Leader of the Opposition of Quebec
- In office June 6, 2005 – August 21, 2006
- Preceded by: Bernard Landry
- Succeeded by: André Boisclair

Interim Leader of the Parti Québécois
- In office June 6, 2005 – November 15, 2005
- Preceded by: Bernard Landry
- Succeeded by: André Boisclair

MNA for Hochelaga-Maisonneuve
- In office September 25, 1989 – November 5, 2008
- Preceded by: First Member
- Succeeded by: Carole Poirier

MNA for Maisonneuve
- In office April 13, 1981 – September 25, 1989
- Preceded by: Georges Lalande
- Succeeded by: Riding Dissolved

Personal details
- Born: April 22, 1946 (age 80) Sainte-Thérèse-de-Blainville, Quebec
- Party: Parti Québécois Coalition Montréal Vision Montréal (formerly)

= Louise Harel =

Canadian politician (born 1946)

Louise Harel (/fr/ ; born April 22, 1946) is a Quebec politician. In 2005 she served as interim leader of the Parti Québécois following the resignation of Bernard Landry. She was also interim leader of the opposition in the National Assembly of Quebec. She represented the riding of Hochelaga-Maisonneuve in the Montreal region, and its predecessors, from 1981 to 2008. She ran for Mayor of Montreal as the representative of the Vision Montreal municipal political party in the 2009 election, but was defeated by incumbent Gérald Tremblay. In the 2013 Montreal election, Harel supported federalist Marcel Côté for mayor but failed to be elected to her own council seat.

==Life and career==
Harel was born in Sainte-Thérèse-de-Blainville, Quebec. She graduated in 1977 from the Université de Montréal with a law degree and was admitted to the bar in 1978. She worked at the national secretariat, the Centre des services sociaux de Montréal and the Social Development Council of Metropolitan Montreal as a staff member. She has been a member of the Parti Québécois (PQ) since 1970 and was the president of the party in Montreal-Centre in the 1970s and the vice-president of the party province wide from 1979 to 1981.
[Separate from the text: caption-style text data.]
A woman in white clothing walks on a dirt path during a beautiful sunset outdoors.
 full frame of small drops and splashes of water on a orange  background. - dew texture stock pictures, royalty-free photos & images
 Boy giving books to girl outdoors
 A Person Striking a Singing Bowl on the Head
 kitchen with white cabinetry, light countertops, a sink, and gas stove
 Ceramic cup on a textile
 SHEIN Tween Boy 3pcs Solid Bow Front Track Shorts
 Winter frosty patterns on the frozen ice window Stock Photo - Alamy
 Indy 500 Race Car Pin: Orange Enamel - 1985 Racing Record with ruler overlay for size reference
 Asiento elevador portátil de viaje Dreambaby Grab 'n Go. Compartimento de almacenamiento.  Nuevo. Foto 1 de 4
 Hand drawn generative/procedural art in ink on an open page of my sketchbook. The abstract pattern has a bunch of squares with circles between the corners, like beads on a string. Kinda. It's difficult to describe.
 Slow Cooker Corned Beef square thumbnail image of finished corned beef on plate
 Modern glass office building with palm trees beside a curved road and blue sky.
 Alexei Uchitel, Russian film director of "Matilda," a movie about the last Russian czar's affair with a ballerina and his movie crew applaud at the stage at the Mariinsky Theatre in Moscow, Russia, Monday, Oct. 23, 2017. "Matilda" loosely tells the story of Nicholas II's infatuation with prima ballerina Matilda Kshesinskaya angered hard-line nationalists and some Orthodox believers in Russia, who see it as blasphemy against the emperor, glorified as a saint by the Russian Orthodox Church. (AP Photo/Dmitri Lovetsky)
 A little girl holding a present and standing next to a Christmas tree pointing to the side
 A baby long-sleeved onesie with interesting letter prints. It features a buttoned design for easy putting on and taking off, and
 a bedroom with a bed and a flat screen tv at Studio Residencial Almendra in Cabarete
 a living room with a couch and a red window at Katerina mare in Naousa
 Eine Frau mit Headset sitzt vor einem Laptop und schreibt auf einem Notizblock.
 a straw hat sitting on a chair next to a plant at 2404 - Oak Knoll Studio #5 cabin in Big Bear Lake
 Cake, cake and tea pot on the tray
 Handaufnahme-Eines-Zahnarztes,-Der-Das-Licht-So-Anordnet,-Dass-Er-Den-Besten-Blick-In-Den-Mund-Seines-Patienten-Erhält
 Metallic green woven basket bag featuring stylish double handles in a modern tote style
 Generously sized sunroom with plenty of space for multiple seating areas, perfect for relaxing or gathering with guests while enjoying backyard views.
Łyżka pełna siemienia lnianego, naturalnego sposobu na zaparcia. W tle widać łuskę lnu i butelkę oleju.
She was first elected to the National Assembly in the 1981 election as the Member of the National Assembly (MNA) for Maisonneuve. In 1984, she was appointed Minister of Cultural Communities and Immigration by Quebec Premier René Lévesque, and served until the government's electoral defeat in the 1985 election. She retained her seat that year and in 1989 (when it was renamed Hochelaga-Maisonneuve), however, and served in opposition for the next five years.

When the PQ returned to power in the 1994 election under the leadership of Jacques Parizeau, she returned to cabinet as Minister of Employment and minister responsible for immigration.

After being re-elected in 1998, she later served as Minister of Municipal Affairs. During her tenure as minister, she tabled a bill which forced the merger of several small municipalities into one entity and affected all key cities such as Gatineau, Montreal, Quebec City, Trois-Rivières, Saguenay, Longueuil and Sherbrooke. The project, which was implemented in 2002 was met with mixed reviews and later become a key issue during the 2003 provincial elections.

In 2002, she became the first woman to serve as Speaker of the National Assembly, and remained in that capacity until the 2003 election, after which she joined the PQ on the opposition benches.

Harel served as interim PQ leader and leader of the opposition until a leadership election chose André Boisclair as leader on November 15, 2005. She was not a candidate in the leadership election. She continued to serve as leader of the opposition until PQ leader André Boisclair won his seat in the National Assembly on August 14, 2006.

She was re-elected in the 2007 elections and named the PQ critic in social services and later she was also giving the portfolio of Status of Women. In October 2008, she announced that she would not seek another mandate.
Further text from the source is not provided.